Sunday, June 7, 2020

Meanwhile in Camden, NJ

Alex Taborrok:
One of the few bright spots over the past week was Camden, NJ where instead of beating protesters the police joined them.
A decade ago Camden had a terrible crime rate and a notoriously ineffective police force; among other things, in 2012 the city payed out more than $3.5 million to settle 88 lawsuits for police misconduct. But in 2013 the whole city-run force was disbanded, which abrogated the union contract, and replaced by a new county-run force.

Since then the crime rate has fallen by much more than the national average and the reputation of the police has soared. The chief, J. Scott Thompson, credits a switch to community policing:
That meant focusing on rebuilding trust between the community and their officers.

“For us to make the neighborhood look and feel the way everyone wanted it to, it wasn’t going to be achieved by having a police officer with a helmet and a shotgun standing on a corner,” Thomson said.
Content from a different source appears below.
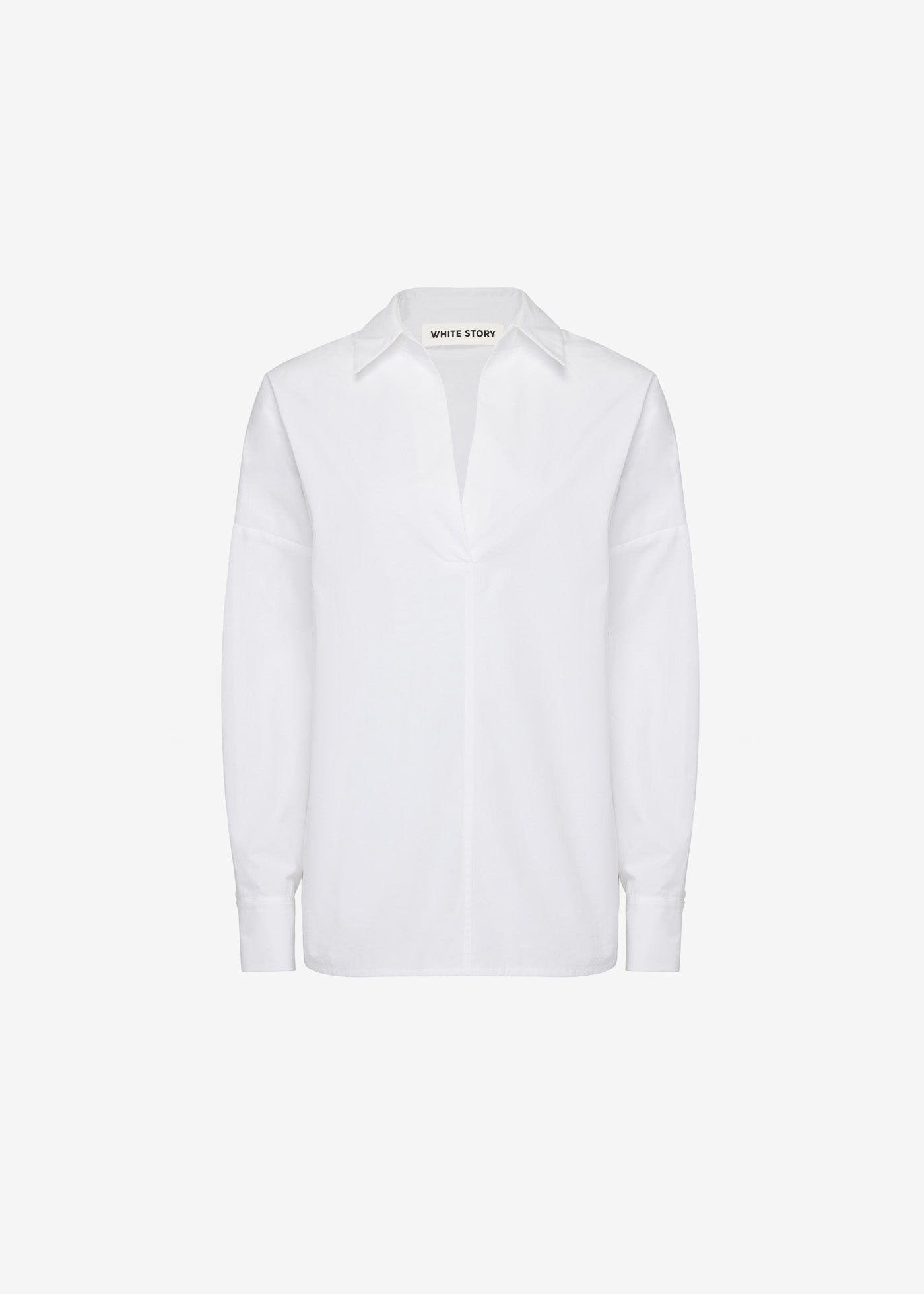 Eden Shirt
Now, he wants his officers “to identify more with being in the Peace Corps than being in the Special Forces.”

A conversation with Thomson about community policing is likely to involve many such catchy maxims. “Destabilized communities,” he told me, “need guardians, not warriors.” He explained the “Back to the Future Paradox”—use technology wisely, but pair it with regular-old “Bobbies on the street.” And he stressed the idea that public safety is about access to social services, economic rejuvenation, and good schools, not just cops: “Nothing stops a bullet like a job.”

It’s policing turned poetry, and his officers, too, have internalized it in their training. “The old police mantra was make it home safely,” Camden police officer Tyrell Bagby told the New York Times in April. “Now we’re being taught not only should we make it home safely, but so should the victim and the suspect.”
Part of the approach is to settle most traffic stops with a warning rather than a ticket:
“Handing a $250 ticket to someone who is making $13,000 a year” — around the per capita income in the city — “can be life altering,” Chief Thomson said in an interview last year, noting that it can make car insurance unaffordable or result in the loss of a driver’s license. “Taxing a poor community is not going to make it stronger.”
This long NY Times piece from 2017 is fascinating in what it shows about the on-the-ground effects of a serious leadership commitment to reducing violence. All officers receive training in de-escalation, with that mantra that the suspect should go home alive, too. You can see this in practice in a remarkable video of officers carefully cordoning off a deranged-looking man with a knife and talking to him until he surrenders it.

One of the chief's standing orders is that if officers do shoot somebody, they should transport him to the hospital in their cruisers rather than waiting for an ambulance. It strikes me that this might not always be the best medical advice, but as a symbol of treating everyone as a human life it might still be a good idea.

The broken relationships between American cities and their police forces is an old problem with deep roots, and fixing it won't be easy, but Camden shows that a lot of progress can be made with the right leadership.